When considering a potential marriage partner, who you like is more important than who you love. Learning how to love someone is relatively easy; learning how to like someone is much more difficult. In part, that’s because those things we like in another person often have to do with well-established traits. Thus, those traits are harder to reshape. Love, on the other hand, can be developed and nurtured by a couple. Love will take many different forms over a lifetime, depending on the individuals and the particular season of life.
Unfortunately, society sends our youth the wrong message when it comes to relationships. “Find someone to love” or “find a great sex partner” are messages too commonly communicated. This thinking is backwards, resulting in many failed relationships and marriages. We are emphasizing love and sex—both of which can be learned and developed—rather than encouraging evaluation based on what is genuinely liked in another person. Furthermore, consider the following: even a marriage relationship marked with lots of romance and a robust sex life will find that time spent in love-making rarely amounts to as much as 5% of one’s total marriage hours in a given week or month. So why would one make something that comprises only 5% of his or her time a major criteria in mate selection? Society’s message is completely distorted and out of balance, leading to relational pain and other devastating consequences.

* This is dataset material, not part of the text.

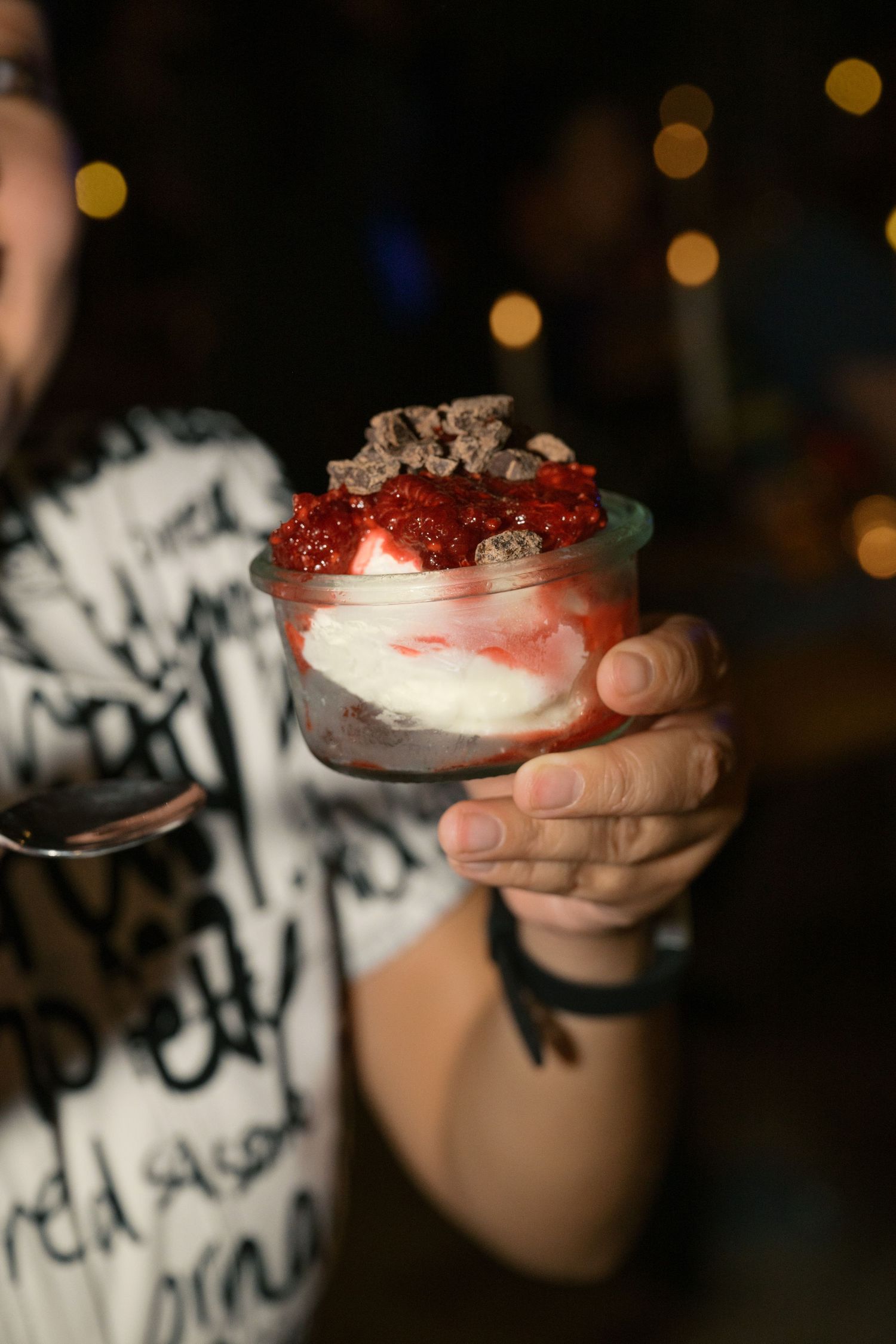 Close-up of hands holding a layered dessert with strawberries and cream in a glass.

Therefore, find someone you really like! Their passions, their interests, their habits, their personality, their worldview, their faith, their family, their sense of humor, their goals—these are the characteristics that will hold a couple together through the years. Once you find someone you like, you can then learn to love that person. You may even be surprised by how much your love grows in the process of appreciating what you like.
Learning to love a friend makes much more sense than learning to like a lover. And evidence suggests the outcome of the former will be much more stable and satisfying in the long run.